HARDWARE AND INFRASTRUCTURE
• The hardware and infrastructure that k8s will run on is truly staggering.
• Many developers run full, 6 node kubernetes and docker clusters on raspberry pis.
• I’ll be honest – after I finish this course and I find some spare time.
• Nodes, including the master, can be physical or virtual machines running kubernetes components and a container manager such as docker or rocket.
• The nodes should be connected by a common network, though the Internet will work as long as port 443 and whatever your pod networking system uses are unblocked.
• A pod networking application such as Flannel is needed to allow the pods to communicate
• With one another, and it makes use of an overlay network (by default it’s vxlans) to provide that service.
SECURING CLUSTER COMMUNICATIONS
• Cluster communications cover communication to the API server, control-plane communications inside the cluster, and can even include pod-to-pod communications.
• This is an in-depth topic with a fair amount of detail, so let’s start by discussing how to secure communications to the Kubernetes API server.Everything in Kubernetes goes through the API driver, so controlling and limiting who has access to the cluster and what they are allowed to do is arguably the most important task in securing the cluster.

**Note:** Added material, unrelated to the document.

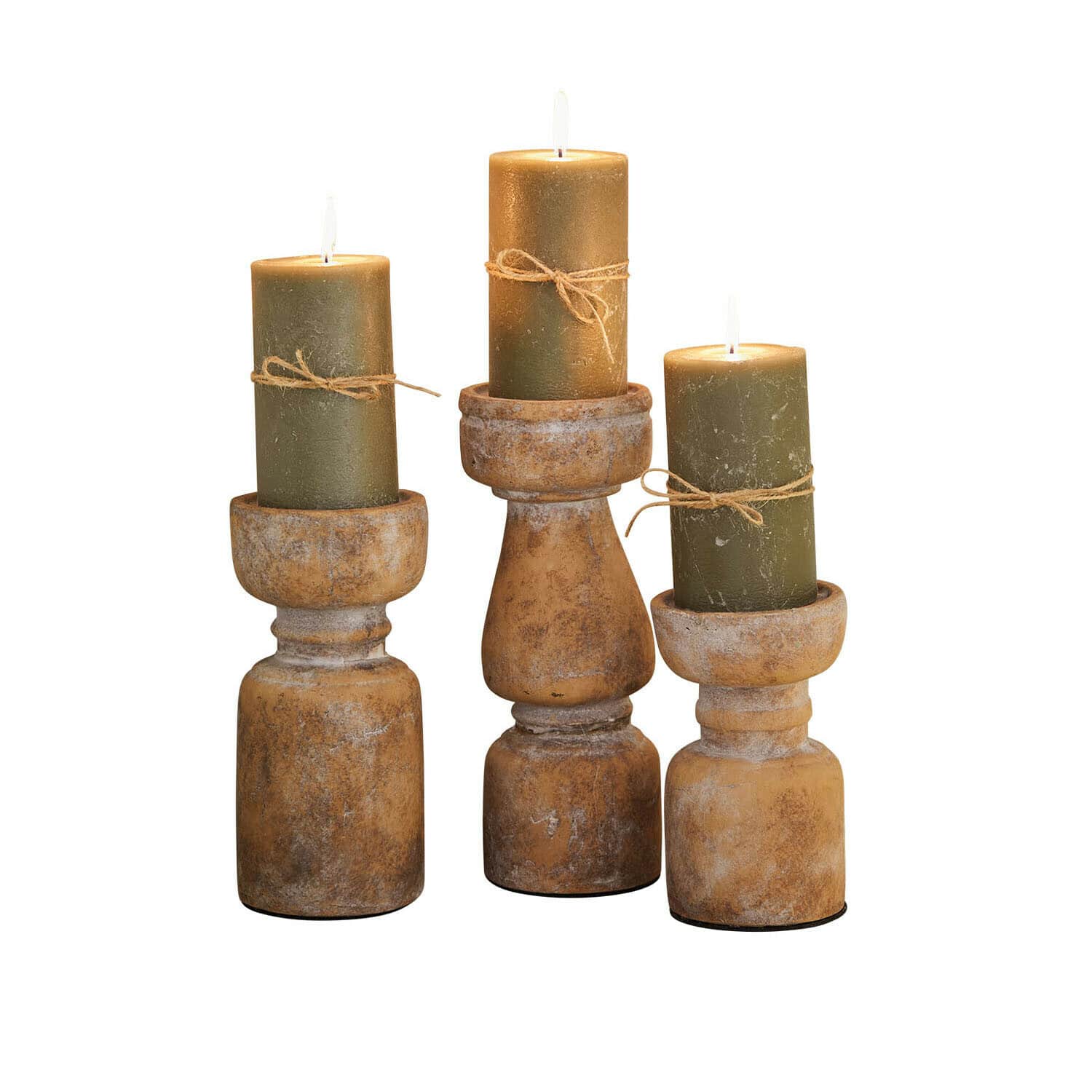 Set de 3 candeleros Talona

• The default encryption communication in K8s is TLS.
• Most of the installation methods will handle the certificate creation
• Kubeadm created certificates during the Linux Academy Cloud Server Kubernetes Cluster lab.
• No matter how you’ve install kubernetes, some components and installation methods may enable local ports over HTTP and you should double check the settings of these components to identify potentially unsecured traffic and address these issues.

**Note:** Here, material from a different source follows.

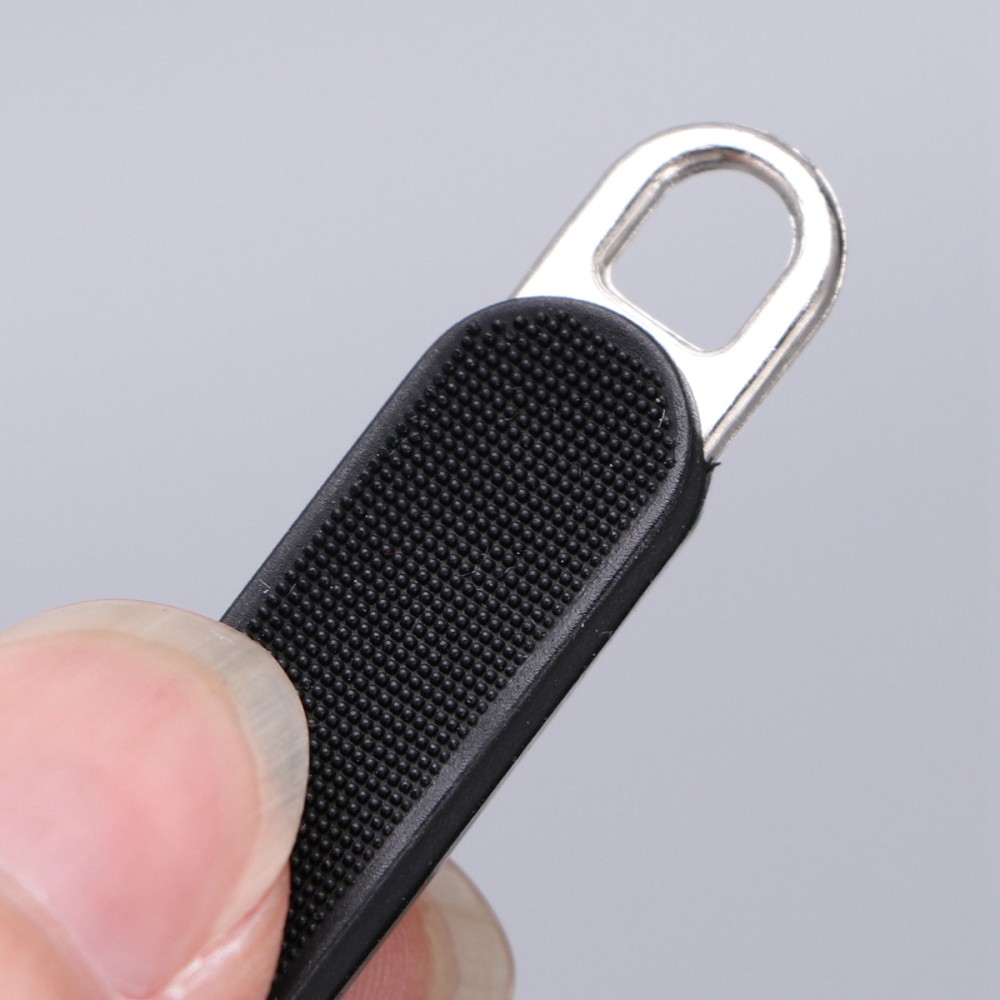 20 Pcs Zipper Tabs Detachable Pulls DIY Accessories Molded Sliders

• Anything that connects to the API, including nodes, proxies, the scheduler, volume plugins in addition to users, should be authenticated.
• Again, most installation methods create certificates for those infrastructure pieces, but if you’ve chosen to install manually, you might need to do this yourself.
• Once authenticated, every API call should pass an authorization check.
ROLE-BASED ACCESS CONTROL
• Kubernetes has an integrated Role-Based Access Control (RBAC) component
• Certain roles perform specific actions in the cluster
• Kubernetes has several well thought out, pre-created roles
• Simple roles might be fine for smaller clusters
• If a user doesn’t have rights to perform an action but they do have access to perform a composite action that includes it, the user WILL be able to indirectly create objects.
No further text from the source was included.